Des alertes données en son temps 

En 2010, l’Asadho avait déjà exigé une enquête parlementaire sur l’affectation des recettes perçues par la RVA pour la réhabilitation des infrastructures aéroportuaires en RDC. En 2012, Justin Kalumba, lors d’une visite effectuée à l’aéroport de Kinshasa, avait annoncé l’audit des fonds générés par la taxe Go Pass pour lui permettre de voir clair sur leur destination. « À ce jour, personne ne sait si cet audit avait été fait ou pas », a souligné l’Ong. En 2013, le ministre de la Justice et des Droits humains avait, par ailleurs, instruit le procureur général près la Cour d’appel de Kinshasa/Matete d’ouvrir une information judiciaire sur la gestion de l’argent généré par le Go Pass. À ce jour, personne ne connaît les conclusions de cette information judiciaire qui était annoncée publiquement. En mars 2014, la Cour des comptes avait fait état d’une gestion non orthodoxe de fonds générés par le Go Pass. Cette alerte n’a jamais été suivie.

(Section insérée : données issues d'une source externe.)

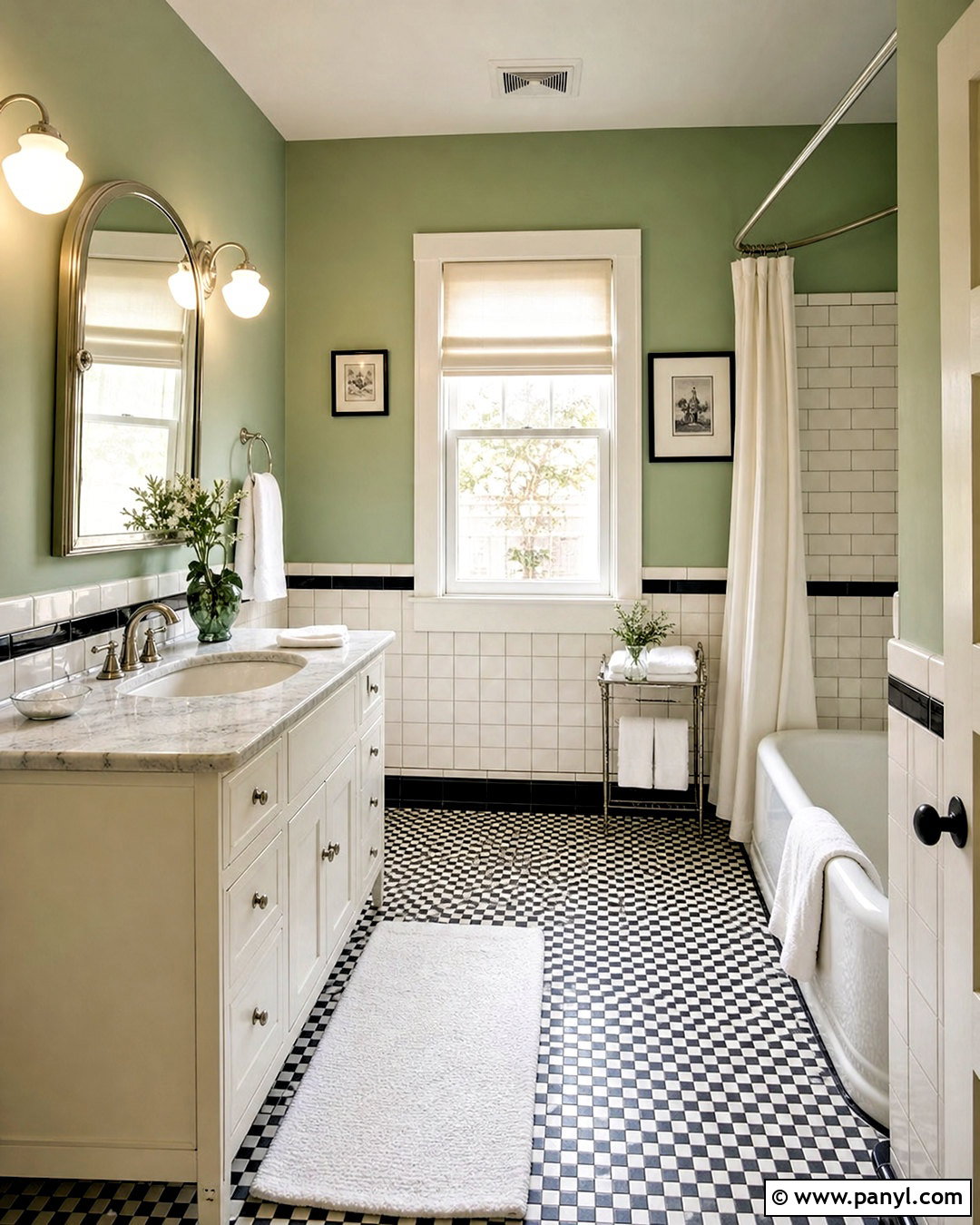 Vintage Green Bathroom With Checkerboard Floor - 20 safe green bathroom ideas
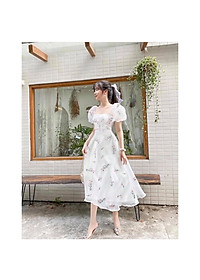 Váy hoa nhí cổ vuông tiểu thư - váy trắng hoa nhí hàn quốc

Réhabilitation des infrastructures 

Le 21 mai, l’administrateur directeur général de la Régie des voies aériennes (RVA), Abdallah Bilenge, a déclaré que les recettes de la taxe de fonds de développement pour les infrastructures aéroportuaires (Idef) étaient gérées de manière transparente. Pour lui, cet argent a permis de réhabiliter les infrastructures de plusieurs aéroports dans le pays. L’Idef a été instauré en mars 2009. Abdallah Bilenge explique qu’avec une moyenne de 400 000 passagers voyageant chaque année à partir des aéroports du pays, cette taxe a rapporté environ 80 millions de dollars en quatre ans. Il affirme d’autre part qu’une partie de cet argent a permis de réhabiliter la piste de l’aéroport de N’djili à Kinshasa. « Nous avons commencé le premier chantier, la réhabilitation de la piste de N’djili. Le coût de ce marché est autour de 60 millions de dollars. C’est un prêt d’Exim Bank, remboursé par l’Idef. Il nous reste 20 millions de dollars de recettes sur les 4 ans », affirme-t-il. Les recettes de l’Idef ont également permis de construire d’autres infrastructures à l’aéroport de N’djili. « Quand vous passez à l’aéroport de N’djili, vous voyez des infrastructures. Il y a un bloc technique, une centrale électrique, une caserne anti-incendie qui est en train d’être construite également. Et les mêmes travaux se font également à Lubumbashi. Les aéroports de Mbandaka et de Kananga sont également en train d’être réhabilités. Et au mois de juin, nous allons réhabiliter Gemena, Isiro et Kalemie », promet-il. A Kinshasa, on rappelle André Kimbuta n’a rien inventé. Le gouverneur de la ville n’a fait que suivre les pas de ses homologues du Katanga et ceux des deux Kasai, Dans ces différentes provinces, une taxe de statistique de 5 dollars est exigée à tous les voyageurs depuis plus d’une année. Une taxe d’embarquement local dans les avions a également été instituée, depuis novembre 2013 par le gouvernement provincial du Bas-Congo.